基于驻波耦合电磁感应光透明(EIT)效应的静态光现象的形成机制被认为是光子晶体或四波混频. 其合理性在于这两种效应都可以实现反射; 但它们却是两种完全不同的物理现象. 在本项目将从介质的粒子数密度的角度, 探讨这两种现象对于光子反射的贡献. 我们将在Rb87原子中的三能级Lambda模型中分析粒子数密度由低到高的变化过程中, 光子晶体从无到有, 不断增强的过程; 包括反射谱在这一过程中的渐变情况, 以及光子晶体起作用时的粒子数临界大小. 本内容的研究对于理解静态光(以及其它基于驻波耦合EIT效应的物理现象)的形成机制有重要意义. 本项目的另一个研究内容是基于驻波耦合EIT的Goos-Hanchen(GH)效应. 分析在可调谐的光子禁带中的GH效应的可调谐性;明确GH位移对(驻波)耦合场的强度和频率的依赖关系.这种固定结构的可调节GH效应在集成光学领域很有应用价值.

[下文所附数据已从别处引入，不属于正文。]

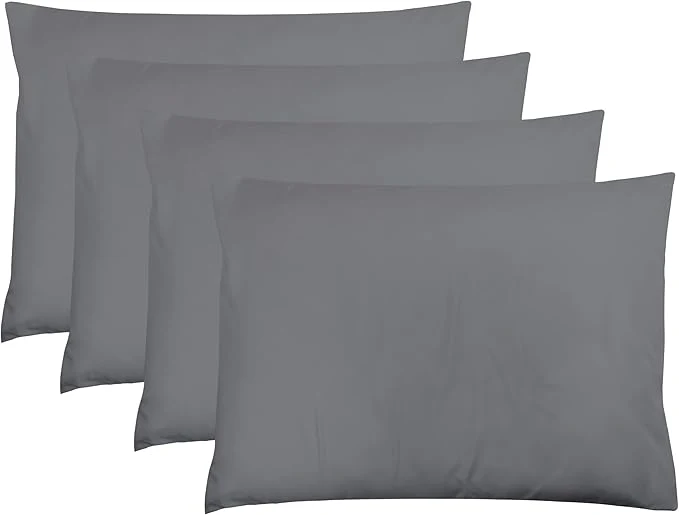 Verified ZPECC Dark Gray Pillow Cases Queen Size Set of 4 20×30 Envelope Closure Pillowcases Soft Plain Brushed Microfiber Covers Hypoallergenic Breathable First-Class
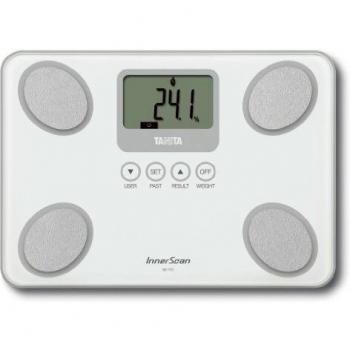 TANITA BC‑731 kompakte Innerscan-Körperanalysewaage mit Glasrahmen und gut ablesbarem LCD-Display, Farbe Weiß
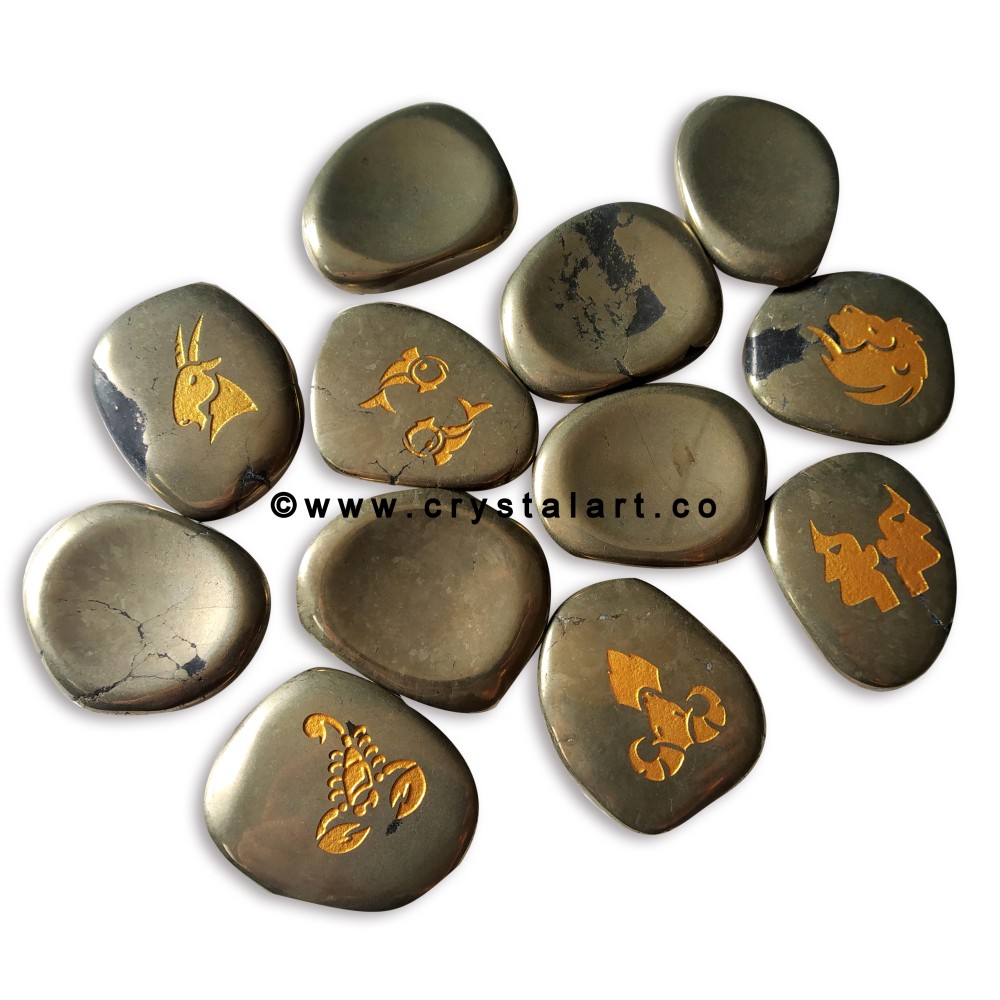 Pyrite Uneven Shape Engraved Zodiac Sign Worry Stones 12 Piece Set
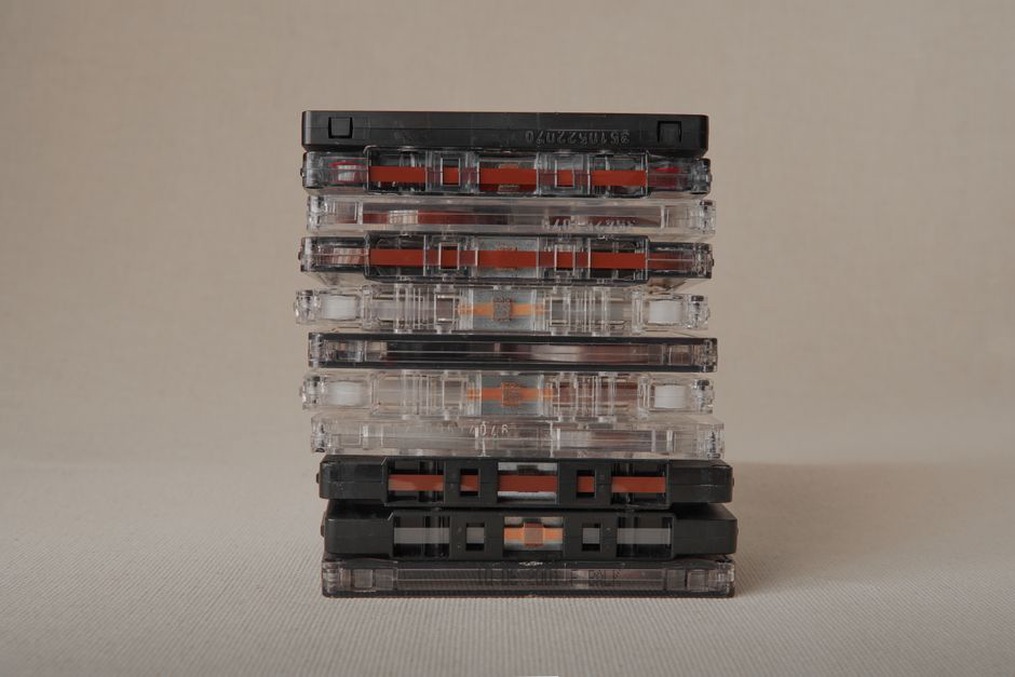 Cassette spines labeled with numeric codes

The mechanism of the stationary light based on the standing wave coupled electromagnetically induced transparency (EIT) is normally treated as the photonic band-gap (PBG) or the four-wave mixing (FWM). It is reasonable because both of the phenomena can result in the effective reflection. However, those two are very different. For example, if the atomic density is a litter lower, the PBG will not be created. In this project, we will discuss the contribution of PBG and the FWM for an angle of the atomic density. Considering that the atomic density is rising from a quite low point, the reflection based on PBG will get stronger as well. We will try to systemically describe such growing process of the reflectivity and define a critical point for the atomic density when the contribution of the PBG should be taken into account. The research is quite important for understanding the stationary light as well as the other phenomena that based on the standing wave coupled EIT. Another content that included in the project is the Goos-Hanchen (GH) effect based the standing wave coupled EIT. Since the PBG is tunable in such medium, the GH effect is tunable as well. The relation between the GH shift and the strength as well as the frequency of the standing wave will be analyzed. Such tunable effect with a fixed configuration is very promising for the integrated optics.